### BRIEF
All entries are to be copied exactly, with pictures removed.

[Crawled caption data]
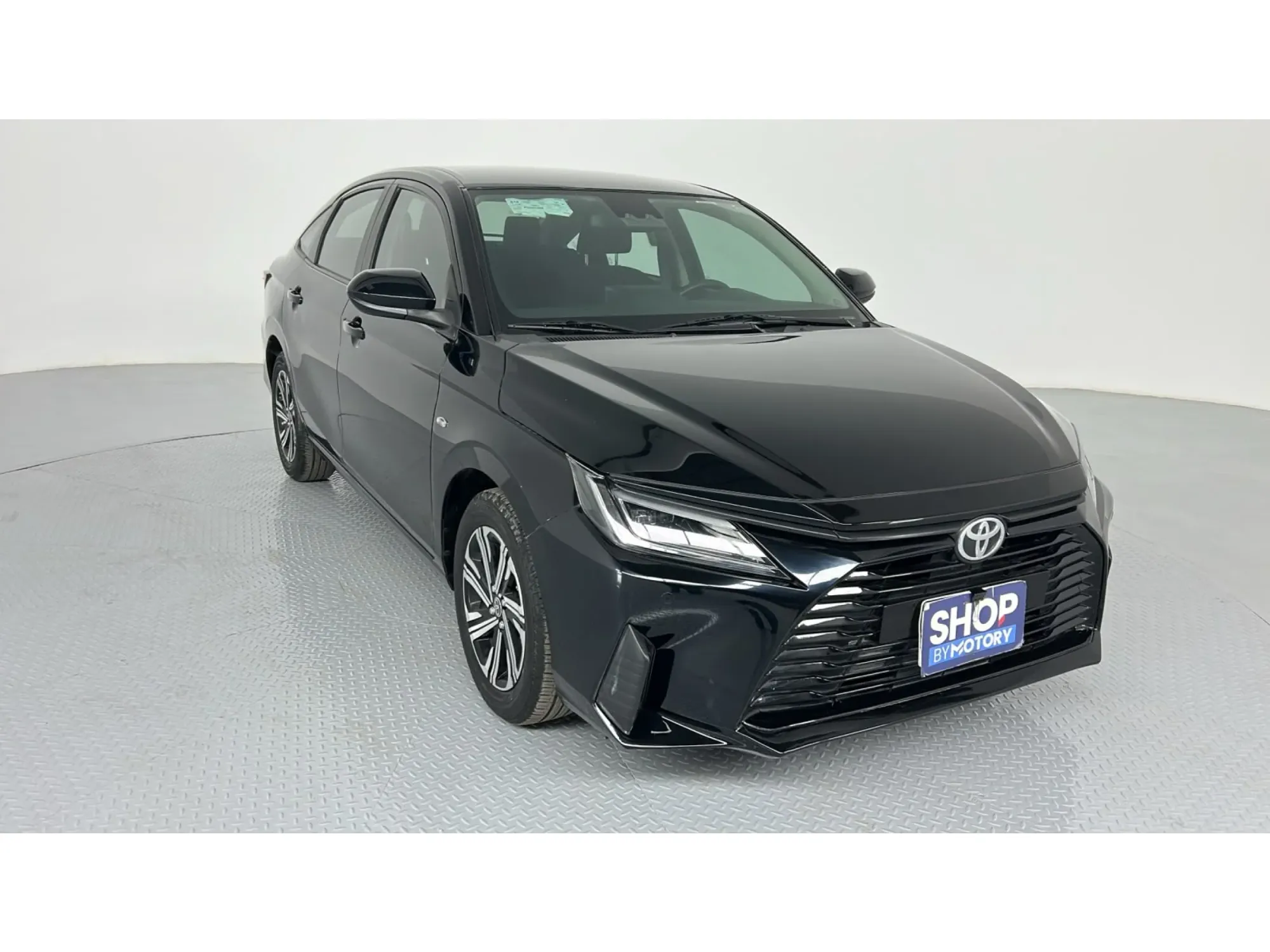 Toyota Yaris Y Plus 2023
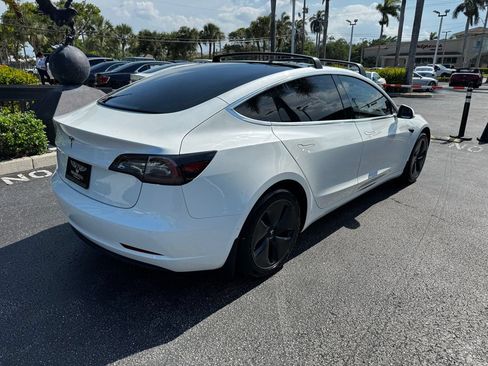 Used 2020 Tesla Model 3 Standard Range Plus RWD image 5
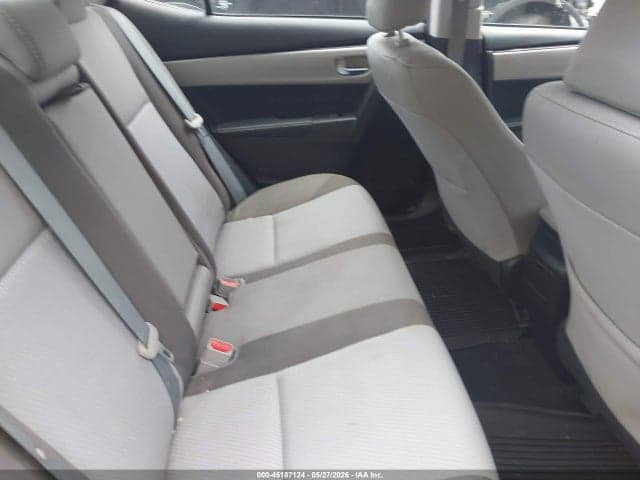 2017 TOYOTA COROLLA LE 8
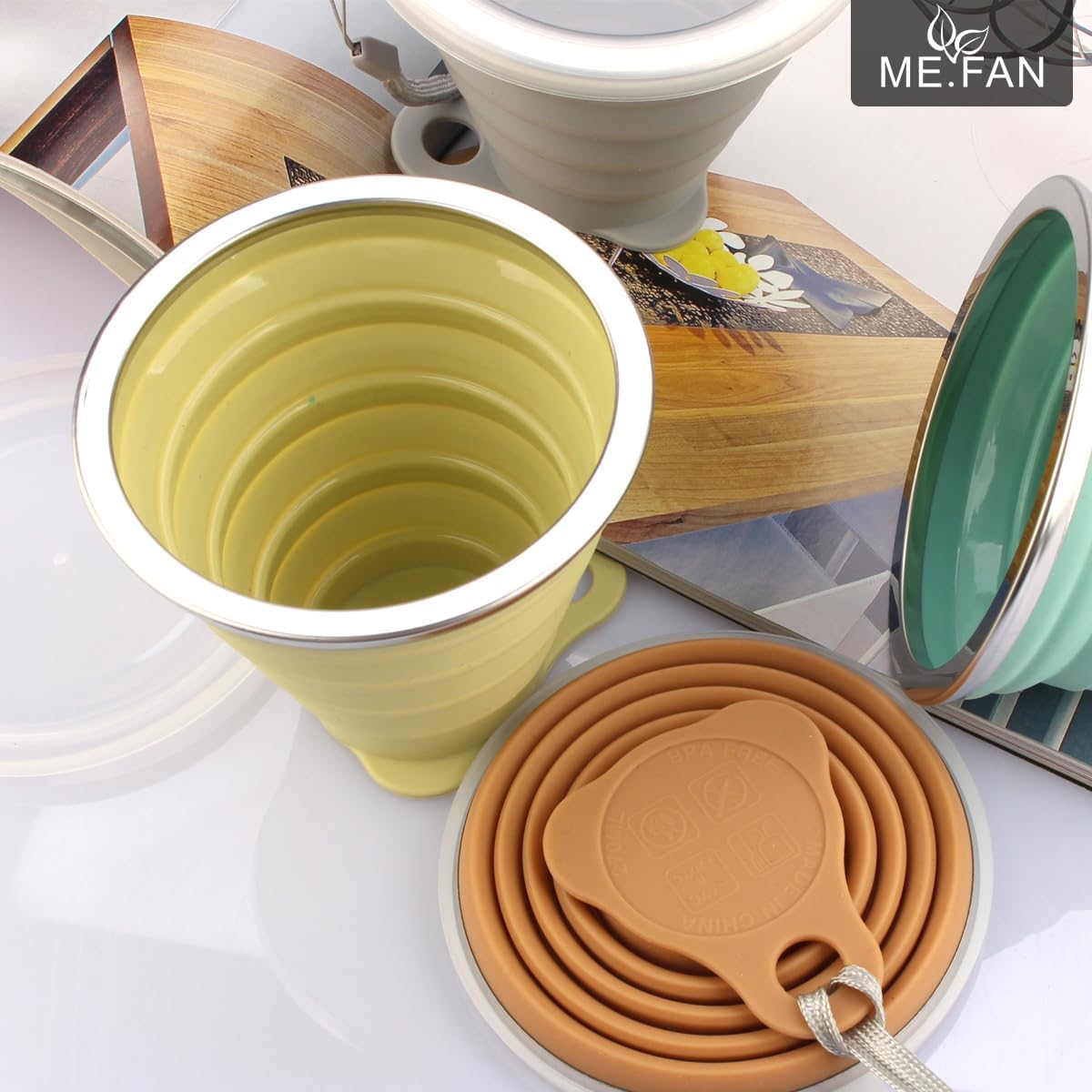 Detalle 2 de ME.FAN MF-SCTC Collapsible Silicone Travel Cups, 270 ml, Graduated with Lids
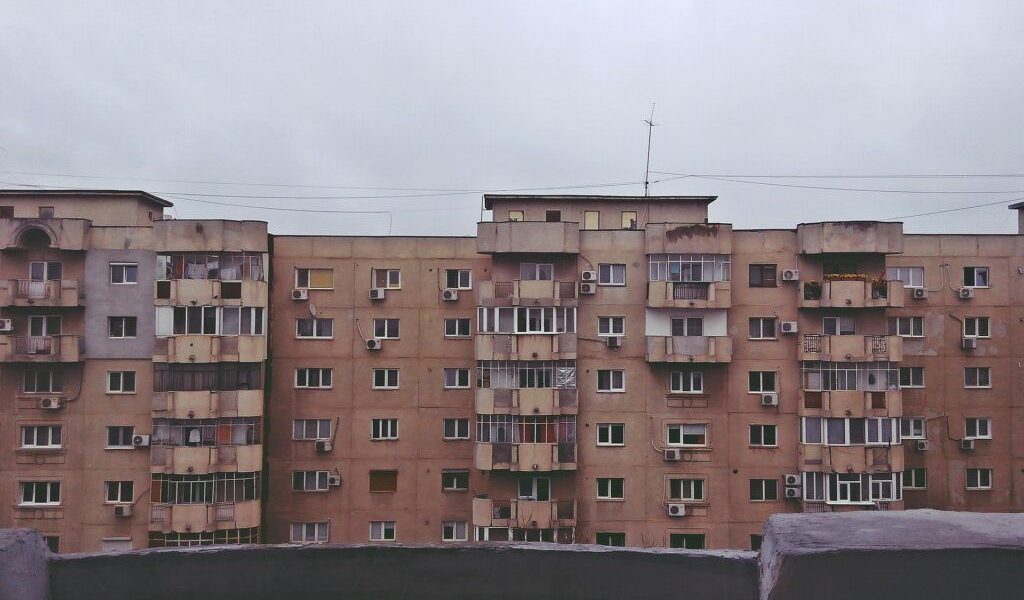 Blocuri, noi responsabilități: Vecinii de sub tine, o povară legală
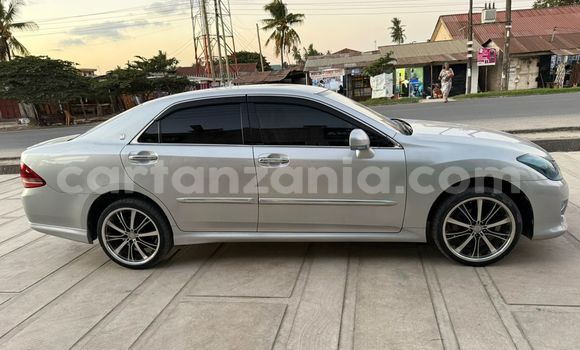 Buy Used Toyota Crown Silver Car in Dar es Salaam in Dar es Salaam Buy Used Toyota Crown Silver Car in Dar es Salaam in Dar es Salaam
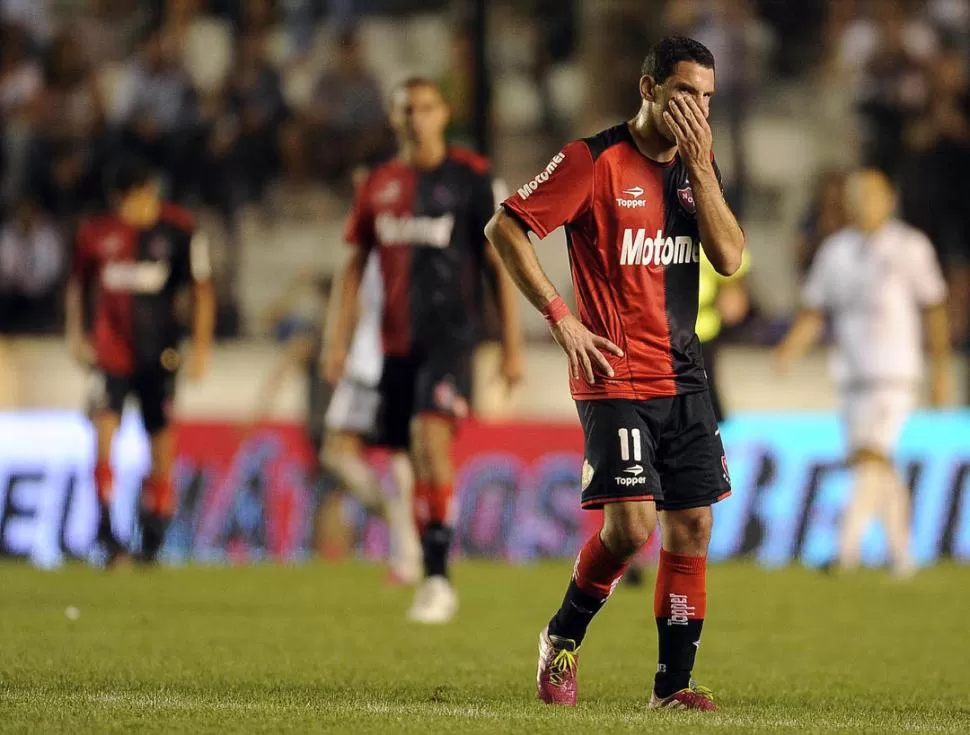 NOCHE NEGRA. Maximiliano Rodríguez, uno de los símbolos de Newell´s, no encuentra la explicación a la derrota. 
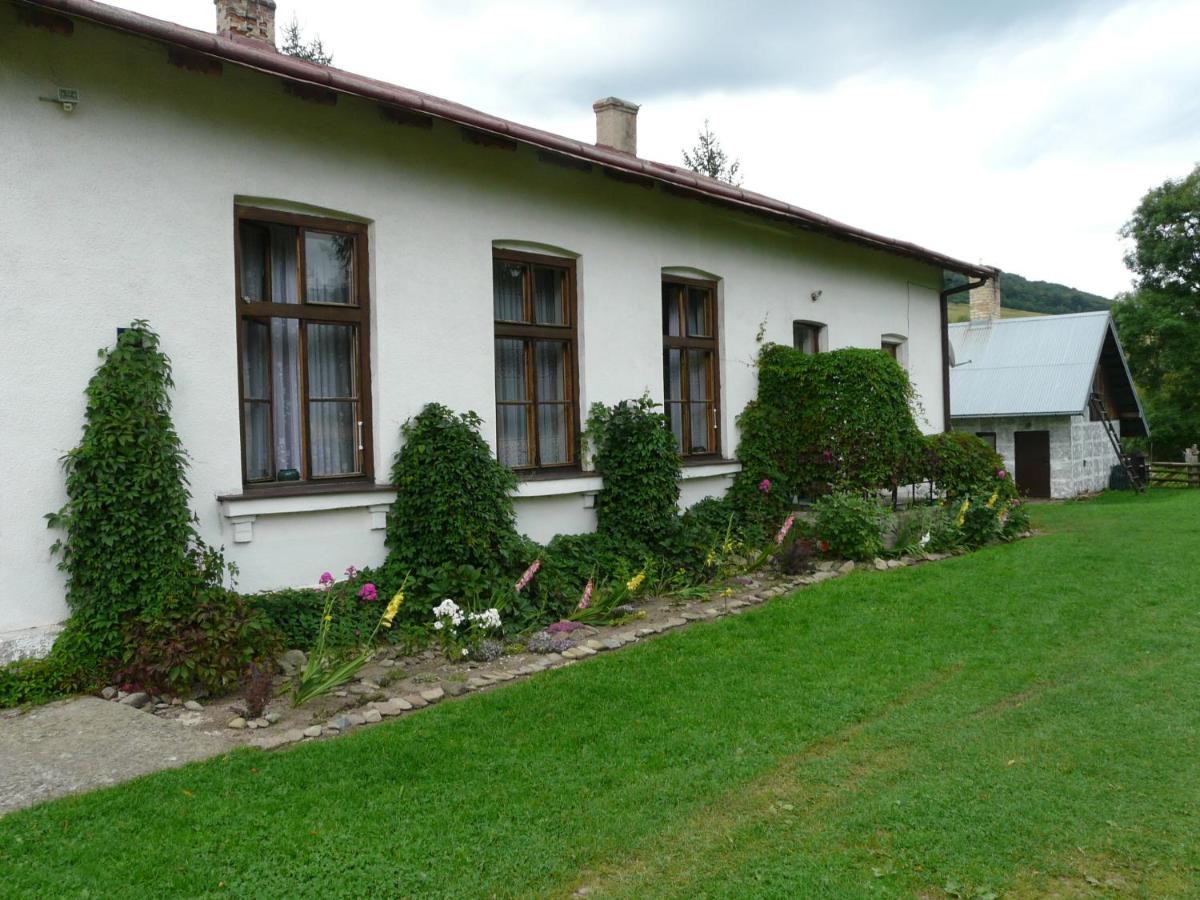 B&B Krempna - Stara Szkoła - Bed and Breakfast Krempna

### WRITTEN ANSWER
 Toyota Yaris Y Plus 2023
 Used 2020 Tesla Model 3 Standard Range Plus RWD image 5
 2017 TOYOTA COROLLA LE 8
 Detalle 2 de ME.FAN MF-SCTC Collapsible Silicone Travel Cups, 270 ml, Graduated with Lids
 Blocuri, noi responsabilități: Vecinii de sub tine, o povară legală
 Buy Used Toyota Crown Silver Car in Dar es Salaam in Dar es Salaam Buy Used Toyota Crown Silver Car in Dar es Salaam in Dar es Salaam
 NOCHE NEGRA. Maximiliano Rodríguez, uno de los símbolos de Newell´s, no encuentra la explicación a la derrota. 
 B&B Krempna - Stara Szkoła - Bed and Breakfast Krempna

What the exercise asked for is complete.